For many years the American Rear-Admiral A. T. Mahan’s book The Influence of Sea Power upon History had specified the way in which all sea wars must be fought: by big ships battling to contest sea lanes. But the British would not play this game. Surprising many theorists, the Royal Navy of 1914 refused battle and instead set up a blockade of German ports. The geographical position of the British Isles, and a plentiful supply of ships, persuaded the Admiralty to create barriers across the open water by means of mines and patrols. The Germans responded by a less ambitious blockade of Britain. German warships prowled the sea routes to sink the merchant ships bringing supplies to the British Isles.
Given this strategy, German engineering and the development of the torpedo, it was inevitable that the German navy became interested in submarines. Although they were the last of the major powers to adopt that weapon, the Germans had watched with interest the designs and experiments of other nations. The first German-built submarines were supplied to overseas customers. The Forel, built and tested at Kiel, was supplied to Russia and went by railway to Vladivostok.
The Germans rejected ideas about using submarines for coastal defence, or as escorts for their fleet. They wanted an offensive weapon. This meant longer-range, more seaworthy vessels. Because they considered the petrol engines used by the Royal Navy as too hazardous, their early U-boats used a kerosene (liquid paraffin) engine, but it was the development of the diesel engine that made the submarine a practical proposition. The first production diesel was made in the M.A.N. factory in Augsburg in 1897, and a much improved version was tested in a U-boat in Krupp’s Germania Works in Kiel in 1913. At that time the U-boat was still a primitive device. During the First World War the submarine tracked, attacked and escaped on the surface, its low silhouette making it difficult to spot. It could only hide briefly below the surface but (in a world without asdic, sonar or radar) hiding was enough. The British had more or less ignored the dangers of commerce raiding by submarines because the Hague Convention denied any warship the right to sink an unescorted merchant ship without first sending over a boarding party to decide if its cargo was contraband.
Whatever the rights and wrongs of commerce raiding, any last doubts about the value of torpedo-equipped submarines vanished in 1914, less than two months after the outbreak of war, when Germany’s U-9, commanded by a 32-year-old on his first tour of duty, hit HMS Aboukir with a torpedo and she sank before the lifeboats could be lowered. HMS Cressy lowered her boats to pick up men in the water, but while so doing was hit by a second torpedo. A third torpedo hit HMS Hogue, which also sank immediately. More than 1,600 sailors died. About three weeks later the same rather primitive type of submarine sank the cruiser HMS Hawke.
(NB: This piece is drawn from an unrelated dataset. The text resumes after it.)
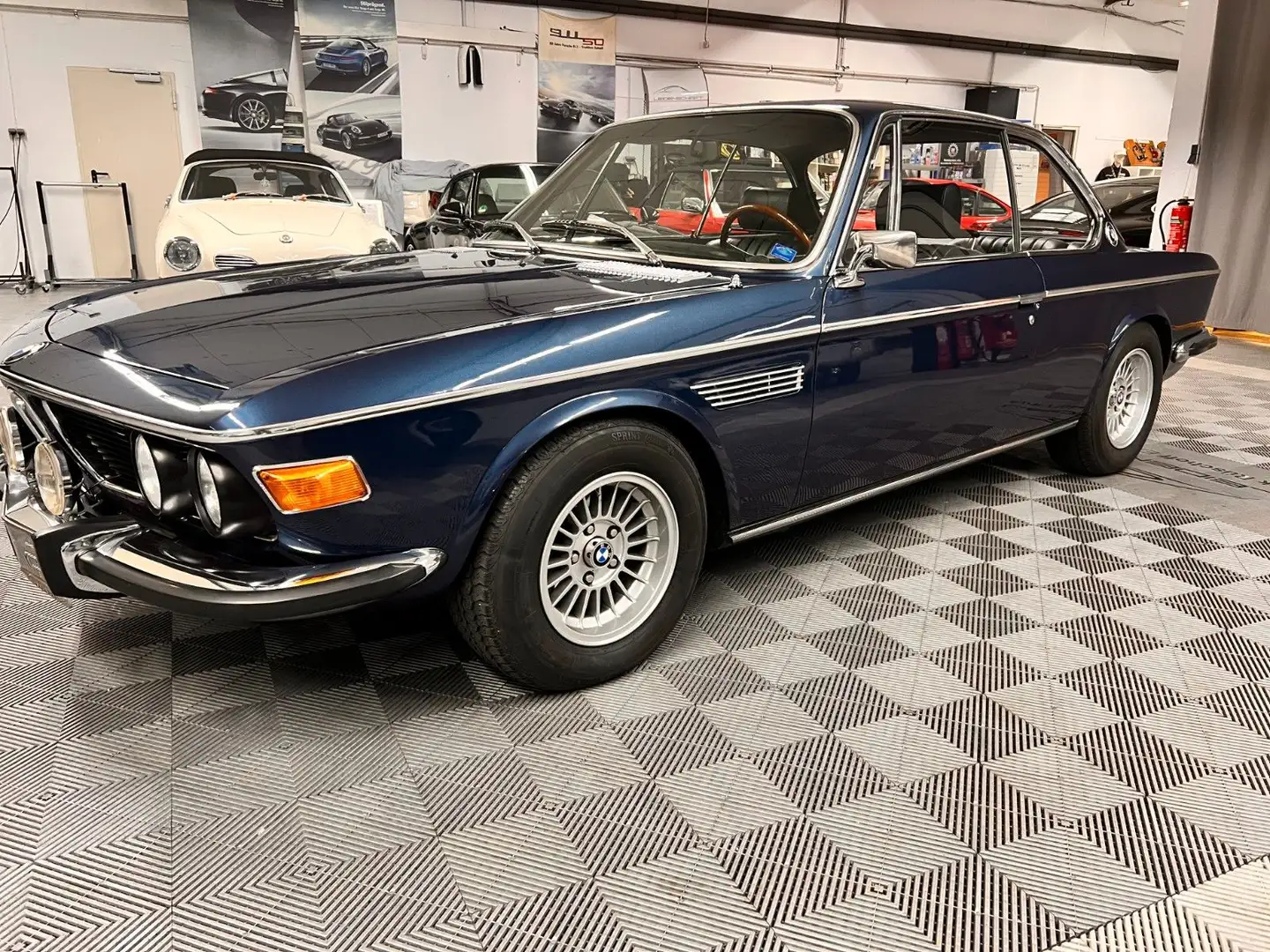 BMW 3.0 CSI E9 Coupé Albastru - 1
The development of wireless was changing naval warfare, as it was changing everything else. The admirals seized upon it, for it gave the men behind desks the means of controlling the units at sea. Intelligence officers saw that enemy ships transmitting wireless signals could be located by direction-finding apparatus. Better still, such radio traffic could be intercepted, the codes broken, and messages read.
Intercepted wireless signals played a part in the battle of Jutland in 1916, when Britain’s Grand Fleet and the German High Seas fleet clashed in the only modern battleship action fought in European waters. Lack of flash doors caused HMS Queen Mary to disappear in an explosion, HMS Indefatigable blew up and sank leaving only two survivors, and HMS Lion was only saved because a mortally wounded turret commander ordered the closing of the magazine doors. The loss of the Royal Navy’s three battle cruisers and three armoured cruisers could all be ascribed to their inadequate upper protection.
There were many ways to evaluate the battle of Jutland, and both sides celebrated a victory with all the medals and congratulatory exchanges that victory brings for the higher ranks. In tonnage and human lives lost the British suffered far more than the Germans, but the Royal Navy was more resilient. The British were seafarers by tradition, and regular long-service sailors who fought the battle accepted its horrors in a way that conscripted German sailors did not. Britain’s Grand Fleet took its sinkings philosophically. Within a few hours of returning to Scapa Flow and Rosyth, the fleet reported itself ready to steam at four hours’ notice.
There can be no doubt however that Britain’s technological shortcomings were startlingly evident at Jutland. Once the envy of all the world, Britain’s steel output had now sunk to third place after the United States and Germany, and German steels were of higher quality. Anyone studying the battle had to conclude that German ships were better designed and better made, that German guns were more accurate and German shells penetrated British armour while many of the Royal Navy’s hits caused little damage.
Radio had also played a part in the battle. Helped by codebooks the Russians salvaged from a sunk German cruiser, the men in Room 40 at the Admiralty ended the war able to read all three German naval codes. After the war the work in Room 40 was kept completely secret so that even the official history made only passing mention of it.
By the end of 1916, despite patrols by planes, dirigibles and thousands of ships, U-boats had sunk 1,360 ships. The German U-boat service, which grew to 100 submarines, had lost only four of them to enemy action. The Admiralty stubbornly refused to inaugurate a convoy system, and produced rather bogus figures to ‘prove’ that convoys would block up the ports and harbours. Convoys might never have been started but for the French government insisting that their cross-Channel colliers sailed in convoy. The result was dramatic but the Admiralty remained unconvinced. Perhaps the Admiralty officials thought that escorting dirty old merchant ships was not a fitting task for gallant young naval officers. Whatever their reasons, it took an ultimatum from the prime minister to make them change their minds. (Although later the admirals petulantly said they were about to do it anyway.) When convoys began in May 1917, only ships that could do better than 7 knots, and could not attain 12 knots, were allowed to join them. Losses fell about 90 per cent. The British had come close to losing the war, and before the effect of the convoy system became evident the nerve of the first sea lord, Admiral Jellicoe, broke. On 20 June he told a high-level conference that, owing to the U-boats, Great Britain would not be able to continue the war into 1918. He proved wrong and, thanks to the convoys, the crisis abated.
German U-boats continued sinking passenger ships even after negotiations for peace began on 3 October 1918. The following day Hiramo Maru was sunk off the Irish coast, killing 292 out of the 320 aboard. The following week the Irish mail boat Leinster was torpedoed without warning and torpedoed again while it was sinking: 527 drowned. ‘Brutes they were, and brutes they remain,’ said Britain’s foreign secretary. President Wilson warned that America wouldn’t consider an armistice so long as Germany continued its ‘illegal and inhuman practices’. The U-boat’s Parthian shots had not helped to create a climate suited to negotiations for a lasting peace.
By the time the First World War ended, about 200 U-boats had been sunk, but the submarine menace had been countered only by means of escorted convoys and the use of about 5,000 ships, hundreds of miles of steel nets and a million depth charges, mines, bombs and shells. Yet for those who wanted to find it, the most important lesson of the 1914–18 war in the Atlantic lay in the statistics. In the whole conflict only five ships were sunk by submarines when both surface escort and air patrol was provided, and this despite the fact that no airborne anti-submarine weapon had been developed.